* _WHAT THIS TASK INVOLVES_:
Every single entry should be printed exactly.
MATERIAL PROVIDED Block Start
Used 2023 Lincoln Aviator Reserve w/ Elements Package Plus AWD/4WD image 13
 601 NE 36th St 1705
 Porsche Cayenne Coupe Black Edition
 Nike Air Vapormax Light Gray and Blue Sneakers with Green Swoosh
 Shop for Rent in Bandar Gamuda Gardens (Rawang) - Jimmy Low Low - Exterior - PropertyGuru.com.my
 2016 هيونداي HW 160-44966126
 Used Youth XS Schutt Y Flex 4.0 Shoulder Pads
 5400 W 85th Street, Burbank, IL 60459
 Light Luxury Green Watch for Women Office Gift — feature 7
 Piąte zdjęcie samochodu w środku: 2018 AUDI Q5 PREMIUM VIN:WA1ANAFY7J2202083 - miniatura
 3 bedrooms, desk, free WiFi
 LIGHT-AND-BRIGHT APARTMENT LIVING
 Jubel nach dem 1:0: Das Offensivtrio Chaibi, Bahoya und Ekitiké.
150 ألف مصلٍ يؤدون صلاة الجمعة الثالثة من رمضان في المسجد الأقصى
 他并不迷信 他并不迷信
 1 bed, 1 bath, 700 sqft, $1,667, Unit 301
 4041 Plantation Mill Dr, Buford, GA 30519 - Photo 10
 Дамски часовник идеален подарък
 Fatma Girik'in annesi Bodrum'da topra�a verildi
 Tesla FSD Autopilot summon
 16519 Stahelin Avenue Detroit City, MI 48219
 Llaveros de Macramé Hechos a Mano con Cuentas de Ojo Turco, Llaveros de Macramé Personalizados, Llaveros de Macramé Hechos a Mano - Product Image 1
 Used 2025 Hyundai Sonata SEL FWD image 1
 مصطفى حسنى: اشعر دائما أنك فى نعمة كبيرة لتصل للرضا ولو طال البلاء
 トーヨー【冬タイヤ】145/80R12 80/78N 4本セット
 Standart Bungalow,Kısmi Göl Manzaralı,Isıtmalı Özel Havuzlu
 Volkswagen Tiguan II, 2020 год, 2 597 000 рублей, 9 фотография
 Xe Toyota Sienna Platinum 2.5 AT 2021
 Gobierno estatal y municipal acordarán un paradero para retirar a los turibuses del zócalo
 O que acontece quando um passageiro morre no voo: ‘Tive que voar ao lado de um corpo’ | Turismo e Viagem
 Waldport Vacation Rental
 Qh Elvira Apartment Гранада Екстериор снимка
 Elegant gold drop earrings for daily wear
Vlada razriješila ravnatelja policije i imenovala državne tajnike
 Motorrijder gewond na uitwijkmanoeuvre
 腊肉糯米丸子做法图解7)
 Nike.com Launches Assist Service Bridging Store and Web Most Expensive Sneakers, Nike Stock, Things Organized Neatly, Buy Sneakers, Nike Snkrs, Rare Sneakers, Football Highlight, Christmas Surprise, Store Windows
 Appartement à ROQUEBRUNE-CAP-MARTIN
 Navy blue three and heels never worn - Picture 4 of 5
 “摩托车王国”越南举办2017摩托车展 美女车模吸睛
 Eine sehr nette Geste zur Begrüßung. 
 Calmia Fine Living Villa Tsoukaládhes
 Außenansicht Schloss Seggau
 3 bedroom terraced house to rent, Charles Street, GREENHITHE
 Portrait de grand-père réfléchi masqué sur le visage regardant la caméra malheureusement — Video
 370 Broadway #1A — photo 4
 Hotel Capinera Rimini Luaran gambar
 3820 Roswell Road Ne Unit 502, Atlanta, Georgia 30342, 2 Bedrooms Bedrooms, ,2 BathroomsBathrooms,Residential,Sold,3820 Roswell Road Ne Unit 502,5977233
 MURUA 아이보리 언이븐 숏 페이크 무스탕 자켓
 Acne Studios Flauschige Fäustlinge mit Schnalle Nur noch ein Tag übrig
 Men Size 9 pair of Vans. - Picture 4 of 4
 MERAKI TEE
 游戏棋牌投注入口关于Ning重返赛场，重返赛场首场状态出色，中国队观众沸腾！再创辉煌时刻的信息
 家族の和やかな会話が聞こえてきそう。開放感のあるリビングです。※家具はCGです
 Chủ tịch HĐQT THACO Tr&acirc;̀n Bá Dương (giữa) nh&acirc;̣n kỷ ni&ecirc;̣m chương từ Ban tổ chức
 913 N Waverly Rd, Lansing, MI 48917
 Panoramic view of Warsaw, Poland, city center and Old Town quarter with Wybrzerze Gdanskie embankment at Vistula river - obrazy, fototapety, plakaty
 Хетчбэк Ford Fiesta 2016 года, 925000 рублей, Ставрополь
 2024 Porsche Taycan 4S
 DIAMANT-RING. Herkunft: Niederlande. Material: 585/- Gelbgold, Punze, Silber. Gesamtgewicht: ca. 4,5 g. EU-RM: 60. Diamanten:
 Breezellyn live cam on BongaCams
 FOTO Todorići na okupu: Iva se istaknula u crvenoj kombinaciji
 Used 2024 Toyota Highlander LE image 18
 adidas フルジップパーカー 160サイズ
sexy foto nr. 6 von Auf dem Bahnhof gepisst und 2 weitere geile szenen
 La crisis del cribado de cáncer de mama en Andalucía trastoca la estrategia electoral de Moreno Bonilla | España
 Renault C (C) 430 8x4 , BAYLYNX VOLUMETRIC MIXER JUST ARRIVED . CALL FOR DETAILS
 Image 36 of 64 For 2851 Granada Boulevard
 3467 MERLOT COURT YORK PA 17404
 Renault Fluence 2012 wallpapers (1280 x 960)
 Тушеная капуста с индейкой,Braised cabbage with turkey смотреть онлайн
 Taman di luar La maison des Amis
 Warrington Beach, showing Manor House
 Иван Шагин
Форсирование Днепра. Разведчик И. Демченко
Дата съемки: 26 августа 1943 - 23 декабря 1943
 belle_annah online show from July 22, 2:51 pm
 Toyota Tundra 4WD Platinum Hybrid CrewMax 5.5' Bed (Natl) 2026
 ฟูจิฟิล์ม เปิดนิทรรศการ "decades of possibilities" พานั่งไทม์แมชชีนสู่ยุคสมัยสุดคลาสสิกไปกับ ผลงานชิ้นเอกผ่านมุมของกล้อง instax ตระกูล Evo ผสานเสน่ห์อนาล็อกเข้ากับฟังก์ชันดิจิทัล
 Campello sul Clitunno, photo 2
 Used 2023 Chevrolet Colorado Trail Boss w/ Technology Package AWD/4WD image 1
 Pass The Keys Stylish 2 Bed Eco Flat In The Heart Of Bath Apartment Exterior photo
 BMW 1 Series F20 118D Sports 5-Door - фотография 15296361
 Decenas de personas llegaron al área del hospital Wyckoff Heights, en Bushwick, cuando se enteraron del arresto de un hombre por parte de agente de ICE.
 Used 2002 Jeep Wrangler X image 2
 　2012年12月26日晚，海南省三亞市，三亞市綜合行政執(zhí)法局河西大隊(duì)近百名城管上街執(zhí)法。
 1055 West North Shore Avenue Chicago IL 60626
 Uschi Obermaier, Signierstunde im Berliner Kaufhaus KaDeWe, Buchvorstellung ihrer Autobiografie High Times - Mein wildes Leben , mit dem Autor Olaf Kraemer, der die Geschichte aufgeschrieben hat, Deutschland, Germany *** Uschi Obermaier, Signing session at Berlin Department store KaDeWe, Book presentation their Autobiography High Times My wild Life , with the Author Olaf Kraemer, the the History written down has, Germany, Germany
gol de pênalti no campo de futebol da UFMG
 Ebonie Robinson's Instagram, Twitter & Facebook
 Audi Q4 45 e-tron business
MATERIAL PROVIDED Block End
* _EXERCISE OUTPUT_:
Used 2023 Lincoln Aviator Reserve w/ Elements Package Plus AWD/4WD image 13
 601 NE 36th St 1705
 Porsche Cayenne Coupe Black Edition
 Nike Air Vapormax Light Gray and Blue Sneakers with Green Swoosh
 Shop for Rent in Bandar Gamuda Gardens (Rawang) - Jimmy Low Low - Exterior - PropertyGuru.com.my
 2016 هيونداي HW 160-44966126
 Used Youth XS Schutt Y Flex 4.0 Shoulder Pads
 5400 W 85th Street, Burbank, IL 60459
 Light Luxury Green Watch for Women Office Gift — feature 7
 Piąte zdjęcie samochodu w środku: 2018 AUDI Q5 PREMIUM VIN:WA1ANAFY7J2202083 - miniatura
 3 bedrooms, desk, free WiFi
 LIGHT-AND-BRIGHT APARTMENT LIVING
 Jubel nach dem 1:0: Das Offensivtrio Chaibi, Bahoya und Ekitiké.
150 ألف مصلٍ يؤدون صلاة الجمعة الثالثة من رمضان في المسجد الأقصى
 他并不迷信 他并不迷信
 1 bed, 1 bath, 700 sqft, $1,667, Unit 301
 4041 Plantation Mill Dr, Buford, GA 30519 - Photo 10
 Дамски часовник идеален подарък
 Fatma Girik'in annesi Bodrum'da topra�a verildi
 Tesla FSD Autopilot summon
 16519 Stahelin Avenue Detroit City, MI 48219
 Llaveros de Macramé Hechos a Mano con Cuentas de Ojo Turco, Llaveros de Macramé Personalizados, Llaveros de Macramé Hechos a Mano - Product Image 1
 Used 2025 Hyundai Sonata SEL FWD image 1
 مصطفى حسنى: اشعر دائما أنك فى نعمة كبيرة لتصل للرضا ولو طال البلاء
 トーヨー【冬タイヤ】145/80R12 80/78N 4本セット
 Standart Bungalow,Kısmi Göl Manzaralı,Isıtmalı Özel Havuzlu
 Volkswagen Tiguan II, 2020 год, 2 597 000 рублей, 9 фотография
 Xe Toyota Sienna Platinum 2.5 AT 2021
 Gobierno estatal y municipal acordarán un paradero para retirar a los turibuses del zócalo
 O que acontece quando um passageiro morre no voo: ‘Tive que voar ao lado de um corpo’ | Turismo e Viagem
 Waldport Vacation Rental
 Qh Elvira Apartment Гранада Екстериор снимка
 Elegant gold drop earrings for daily wear
Vlada razriješila ravnatelja policije i imenovala državne tajnike
 Motorrijder gewond na uitwijkmanoeuvre
 腊肉糯米丸子做法图解7)
 Nike.com Launches Assist Service Bridging Store and Web Most Expensive Sneakers, Nike Stock, Things Organized Neatly, Buy Sneakers, Nike Snkrs, Rare Sneakers, Football Highlight, Christmas Surprise, Store Windows
 Appartement à ROQUEBRUNE-CAP-MARTIN
 Navy blue three and heels never worn - Picture 4 of 5
 “摩托车王国”越南举办2017摩托车展 美女车模吸睛
 Eine sehr nette Geste zur Begrüßung. 
 Calmia Fine Living Villa Tsoukaládhes
 Außenansicht Schloss Seggau
 3 bedroom terraced house to rent, Charles Street, GREENHITHE
 Portrait de grand-père réfléchi masqué sur le visage regardant la caméra malheureusement — Video
 370 Broadway #1A — photo 4
 Hotel Capinera Rimini Luaran gambar
 3820 Roswell Road Ne Unit 502, Atlanta, Georgia 30342, 2 Bedrooms Bedrooms, ,2 BathroomsBathrooms,Residential,Sold,3820 Roswell Road Ne Unit 502,5977233
 MURUA 아이보리 언이븐 숏 페이크 무스탕 자켓
 Acne Studios Flauschige Fäustlinge mit Schnalle Nur noch ein Tag übrig
 Men Size 9 pair of Vans. - Picture 4 of 4
 MERAKI TEE
 游戏棋牌投注入口关于Ning重返赛场，重返赛场首场状态出色，中国队观众沸腾！再创辉煌时刻的信息
 家族の和やかな会話が聞こえてきそう。開放感のあるリビングです。※家具はCGです
 Chủ tịch HĐQT THACO Tr&acirc;̀n Bá Dương (giữa) nh&acirc;̣n kỷ ni&ecirc;̣m chương từ Ban tổ chức
 913 N Waverly Rd, Lansing, MI 48917
 Panoramic view of Warsaw, Poland, city center and Old Town quarter with Wybrzerze Gdanskie embankment at Vistula river - obrazy, fototapety, plakaty
 Хетчбэк Ford Fiesta 2016 года, 925000 рублей, Ставрополь
 2024 Porsche Taycan 4S
 DIAMANT-RING. Herkunft: Niederlande. Material: 585/- Gelbgold, Punze, Silber. Gesamtgewicht: ca. 4,5 g. EU-RM: 60. Diamanten:
 Breezellyn live cam on BongaCams
 FOTO Todorići na okupu: Iva se istaknula u crvenoj kombinaciji
 Used 2024 Toyota Highlander LE image 18
 adidas フルジップパーカー 160サイズ
sexy foto nr. 6 von Auf dem Bahnhof gepisst und 2 weitere geile szenen
 La crisis del cribado de cáncer de mama en Andalucía trastoca la estrategia electoral de Moreno Bonilla | España
 Renault C (C) 430 8x4 , BAYLYNX VOLUMETRIC MIXER JUST ARRIVED . CALL FOR DETAILS
 Image 36 of 64 For 2851 Granada Boulevard
 3467 MERLOT COURT YORK PA 17404
 Renault Fluence 2012 wallpapers (1280 x 960)
 Тушеная капуста с индейкой,Braised cabbage with turkey смотреть онлайн
 Taman di luar La maison des Amis
 Warrington Beach, showing Manor House
 Иван Шагин
Форсирование Днепра. Разведчик И. Демченко
Дата съемки: 26 августа 1943 - 23 декабря 1943
 belle_annah online show from July 22, 2:51 pm
 Toyota Tundra 4WD Platinum Hybrid CrewMax 5.5' Bed (Natl) 2026
 ฟูจิฟิล์ม เปิดนิทรรศการ "decades of possibilities" พานั่งไทม์แมชชีนสู่ยุคสมัยสุดคลาสสิกไปกับ ผลงานชิ้นเอกผ่านมุมของกล้อง instax ตระกูล Evo ผสานเสน่ห์อนาล็อกเข้ากับฟังก์ชันดิจิทัล
 Campello sul Clitunno, photo 2
 Used 2023 Chevrolet Colorado Trail Boss w/ Technology Package AWD/4WD image 1
 Pass The Keys Stylish 2 Bed Eco Flat In The Heart Of Bath Apartment Exterior photo
 BMW 1 Series F20 118D Sports 5-Door - фотография 15296361
 Decenas de personas llegaron al área del hospital Wyckoff Heights, en Bushwick, cuando se enteraron del arresto de un hombre por parte de agente de ICE.
 Used 2002 Jeep Wrangler X image 2
 　2012年12月26日晚，海南省三亞市，三亞市綜合行政執(zhí)法局河西大隊(duì)近百名城管上街執(zhí)法。
 1055 West North Shore Avenue Chicago IL 60626
 Uschi Obermaier, Signierstunde im Berliner Kaufhaus KaDeWe, Buchvorstellung ihrer Autobiografie High Times - Mein wildes Leben , mit dem Autor Olaf Kraemer, der die Geschichte aufgeschrieben hat, Deutschland, Germany *** Uschi Obermaier, Signing session at Berlin Department store KaDeWe, Book presentation their Autobiography High Times My wild Life , with the Author Olaf Kraemer, the the History written down has, Germany, Germany
gol de pênalti no campo de futebol da UFMG
 Ebonie Robinson's Instagram, Twitter & Facebook
 Audi Q4 45 e-tron business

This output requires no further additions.